* **Work to be completed**
Once more, print the records exactly as given.

====== Provided data ======

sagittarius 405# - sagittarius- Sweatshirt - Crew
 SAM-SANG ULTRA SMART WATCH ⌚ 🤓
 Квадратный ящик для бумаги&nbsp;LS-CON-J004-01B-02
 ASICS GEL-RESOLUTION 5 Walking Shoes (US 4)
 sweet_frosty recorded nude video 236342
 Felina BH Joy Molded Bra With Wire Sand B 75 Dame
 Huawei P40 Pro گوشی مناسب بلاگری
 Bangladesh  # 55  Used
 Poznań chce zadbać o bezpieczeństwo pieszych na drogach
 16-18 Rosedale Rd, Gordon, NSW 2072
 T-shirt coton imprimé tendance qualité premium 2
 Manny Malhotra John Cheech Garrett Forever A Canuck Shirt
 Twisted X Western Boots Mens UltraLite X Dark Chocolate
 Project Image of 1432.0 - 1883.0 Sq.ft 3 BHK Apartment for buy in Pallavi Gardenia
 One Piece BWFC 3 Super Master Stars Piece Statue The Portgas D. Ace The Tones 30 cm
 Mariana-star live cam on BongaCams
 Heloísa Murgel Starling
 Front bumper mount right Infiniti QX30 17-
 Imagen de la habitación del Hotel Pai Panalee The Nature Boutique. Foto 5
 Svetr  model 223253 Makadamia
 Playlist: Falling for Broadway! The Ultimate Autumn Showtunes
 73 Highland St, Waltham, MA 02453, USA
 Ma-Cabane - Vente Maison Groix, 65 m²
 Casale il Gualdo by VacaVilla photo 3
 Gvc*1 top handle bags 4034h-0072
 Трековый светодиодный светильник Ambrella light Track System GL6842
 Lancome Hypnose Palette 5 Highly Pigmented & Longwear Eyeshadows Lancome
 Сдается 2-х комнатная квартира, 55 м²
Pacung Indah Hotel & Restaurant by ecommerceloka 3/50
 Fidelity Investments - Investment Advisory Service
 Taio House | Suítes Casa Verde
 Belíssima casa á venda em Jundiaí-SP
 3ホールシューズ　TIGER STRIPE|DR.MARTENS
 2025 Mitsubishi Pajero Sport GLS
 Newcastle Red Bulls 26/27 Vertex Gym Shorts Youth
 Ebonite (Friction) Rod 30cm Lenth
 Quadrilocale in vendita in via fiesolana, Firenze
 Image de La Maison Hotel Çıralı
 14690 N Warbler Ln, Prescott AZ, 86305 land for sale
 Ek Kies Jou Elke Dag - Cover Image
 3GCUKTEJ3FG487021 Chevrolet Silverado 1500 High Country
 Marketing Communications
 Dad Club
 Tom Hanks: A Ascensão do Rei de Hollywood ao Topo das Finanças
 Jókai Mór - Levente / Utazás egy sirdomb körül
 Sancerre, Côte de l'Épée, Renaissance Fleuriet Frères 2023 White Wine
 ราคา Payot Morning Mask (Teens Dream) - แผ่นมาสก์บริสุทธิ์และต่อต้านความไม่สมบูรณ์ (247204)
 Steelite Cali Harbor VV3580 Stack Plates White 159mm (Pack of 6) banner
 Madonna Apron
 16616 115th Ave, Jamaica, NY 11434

======

* **Exercise solution**
sagittarius 405# - sagittarius- Sweatshirt - Crew
 SAM-SANG ULTRA SMART WATCH ⌚ 🤓
 Квадратный ящик для бумаги&nbsp;LS-CON-J004-01B-02
 ASICS GEL-RESOLUTION 5 Walking Shoes (US 4)
 sweet_frosty recorded nude video 236342
 Felina BH Joy Molded Bra With Wire Sand B 75 Dame
 Huawei P40 Pro گوشی مناسب بلاگری
 Bangladesh  # 55  Used
 Poznań chce zadbać o bezpieczeństwo pieszych na drogach
 16-18 Rosedale Rd, Gordon, NSW 2072
 T-shirt coton imprimé tendance qualité premium 2
 Manny Malhotra John Cheech Garrett Forever A Canuck Shirt
 Twisted X Western Boots Mens UltraLite X Dark Chocolate
 Project Image of 1432.0 - 1883.0 Sq.ft 3 BHK Apartment for buy in Pallavi Gardenia
 One Piece BWFC 3 Super Master Stars Piece Statue The Portgas D. Ace The Tones 30 cm
 Mariana-star live cam on BongaCams
 Heloísa Murgel Starling
 Front bumper mount right Infiniti QX30 17-
 Imagen de la habitación del Hotel Pai Panalee The Nature Boutique. Foto 5
 Svetr  model 223253 Makadamia
 Playlist: Falling for Broadway! The Ultimate Autumn Showtunes
 73 Highland St, Waltham, MA 02453, USA
 Ma-Cabane - Vente Maison Groix, 65 m²
 Casale il Gualdo by VacaVilla photo 3
 Gvc*1 top handle bags 4034h-0072
 Трековый светодиодный светильник Ambrella light Track System GL6842
 Lancome Hypnose Palette 5 Highly Pigmented & Longwear Eyeshadows Lancome
 Сдается 2-х комнатная квартира, 55 м²
Pacung Indah Hotel & Restaurant by ecommerceloka 3/50
 Fidelity Investments - Investment Advisory Service
 Taio House | Suítes Casa Verde
 Belíssima casa á venda em Jundiaí-SP
 3ホールシューズ　TIGER STRIPE|DR.MARTENS
 2025 Mitsubishi Pajero Sport GLS
 Newcastle Red Bulls 26/27 Vertex Gym Shorts Youth
 Ebonite (Friction) Rod 30cm Lenth
 Quadrilocale in vendita in via fiesolana, Firenze
 Image de La Maison Hotel Çıralı
 14690 N Warbler Ln, Prescott AZ, 86305 land for sale
 Ek Kies Jou Elke Dag - Cover Image
 3GCUKTEJ3FG487021 Chevrolet Silverado 1500 High Country
 Marketing Communications
 Dad Club
 Tom Hanks: A Ascensão do Rei de Hollywood ao Topo das Finanças
 Jókai Mór - Levente / Utazás egy sirdomb körül
 Sancerre, Côte de l'Épée, Renaissance Fleuriet Frères 2023 White Wine
 ราคา Payot Morning Mask (Teens Dream) - แผ่นมาสก์บริสุทธิ์และต่อต้านความไม่สมบูรณ์ (247204)
 Steelite Cali Harbor VV3580 Stack Plates White 159mm (Pack of 6) banner
 Madonna Apron
 16616 115th Ave, Jamaica, NY 11434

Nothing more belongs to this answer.